CAZELLES Henri, Introduction à la Bible, tome 2, Introduction critique à l’Ancien Testament, Paris, Desclée, 1973.

FERREYROLLES Gérard, “Les païens dans la stratégie argumentative de Pascal”, in Pascal. Religion, Philosophie, Psychanalyse, Revue philosophique de la France et de l’étranger, n° 1, janv.-mars 2002, p. 21-40.

GOUHIER Henri, Blaise Pascal. Conversion et apologétique, Paris, Vrin, 1986.

SELLIER Philippe, Pascal et saint Augustin, Paris, Colin, 1970.

SELLIER Philippe, Port-Royal et la littérature, I, Pascal, 2e éd., 2010.

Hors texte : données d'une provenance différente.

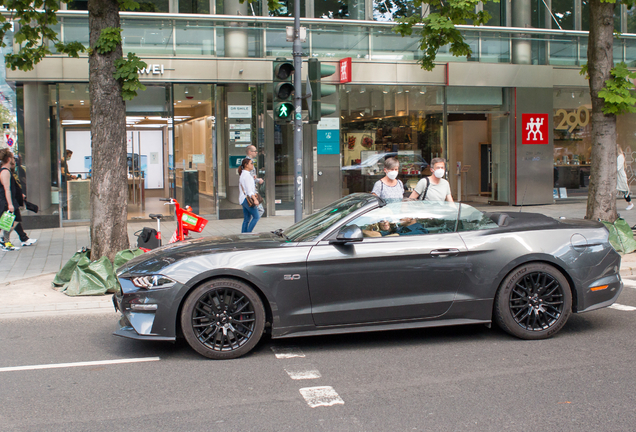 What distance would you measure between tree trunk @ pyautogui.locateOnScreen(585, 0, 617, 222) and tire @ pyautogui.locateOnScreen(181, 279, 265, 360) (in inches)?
305

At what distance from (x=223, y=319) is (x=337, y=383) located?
114cm

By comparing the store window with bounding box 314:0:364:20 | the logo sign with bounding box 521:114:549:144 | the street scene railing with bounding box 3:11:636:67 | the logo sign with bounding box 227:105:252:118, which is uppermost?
the store window with bounding box 314:0:364:20

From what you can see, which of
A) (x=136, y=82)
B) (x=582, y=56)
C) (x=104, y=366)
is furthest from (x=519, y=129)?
(x=104, y=366)

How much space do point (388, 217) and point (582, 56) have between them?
16307mm

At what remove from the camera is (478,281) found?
5520 millimetres

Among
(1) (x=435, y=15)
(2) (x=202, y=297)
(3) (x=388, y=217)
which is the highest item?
(1) (x=435, y=15)

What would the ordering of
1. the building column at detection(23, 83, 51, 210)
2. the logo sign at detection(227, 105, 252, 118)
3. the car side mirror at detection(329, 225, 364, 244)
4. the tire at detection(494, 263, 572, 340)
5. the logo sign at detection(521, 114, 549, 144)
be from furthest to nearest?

SIMON M. et BENOIT A., Le Judaïsme et le Christianisme antique, Nouvelle Clio, Paris, P. U. F., 1968.

 

 

Éclaircissements

 

Le fragment oppose l’impuissance des païens et des Juifs à répandre la croyance en un Dieu unique et la morale qui lui est liée à la  puissance de la révélation du Christ, qui a connu, dans ses premiers temps, une expansion foudroyante. Voir Gouhier Henri, Blaise Pascal. Conversion et apologétique, p. 145, qui analyse ce fragment à partir des « catégories éthico-religieuses » de païen et de juif. Pascal parle selon l’histoire, mais sans oublier la signification générale qu’il accorde à ces mots, qui dépasse la réalité historique (il y a eu des juifs qui n’étaient pas charnels, mais spirituels, aussi bien que des chrétiens charnels ; voir Perpétuité 8 (Laf. 286, Sel. 318).

 

La conversion des païens n’était réservée qu’à la grâce du Messie.

 

Voir Prophéties 17 (Laf. 338, Sel. 370). Prédictions. Qu’en la quatrième monarchie, avant la destruction du second temple, avant que la domination des Juifs fût ôtée en la soixante-dixième semaine de Daniel, pendant la durée du second temple, les païens seraient instruits et amenés à la connaissance du Dieu adoré par les Juifs ; que ceux qui l’aiment seraient délivrés de leurs ennemis, remplis de sa crainte et de son amour. Et il est arrivé qu’en la quatrième monarchie, avant la destruction du second temple, etc., les païens en foule adorent Dieu et mènent une vie angélique. Les filles consacrent à Dieu leur virginité et leur vie, les hommes renoncent à tous plaisirs. Ce que Platon n’a pu persuader à quelque peu d’hommes choisis et si instruits, une force secrète le persuade à cent milliers d’hommes ignorants, par la vertu de peu de paroles. Les riches quittent leurs biens, les enfants quittent la maison délicate de leurs pères pour aller dans l’austérité d’un désert, etc. Voyez Philon juif.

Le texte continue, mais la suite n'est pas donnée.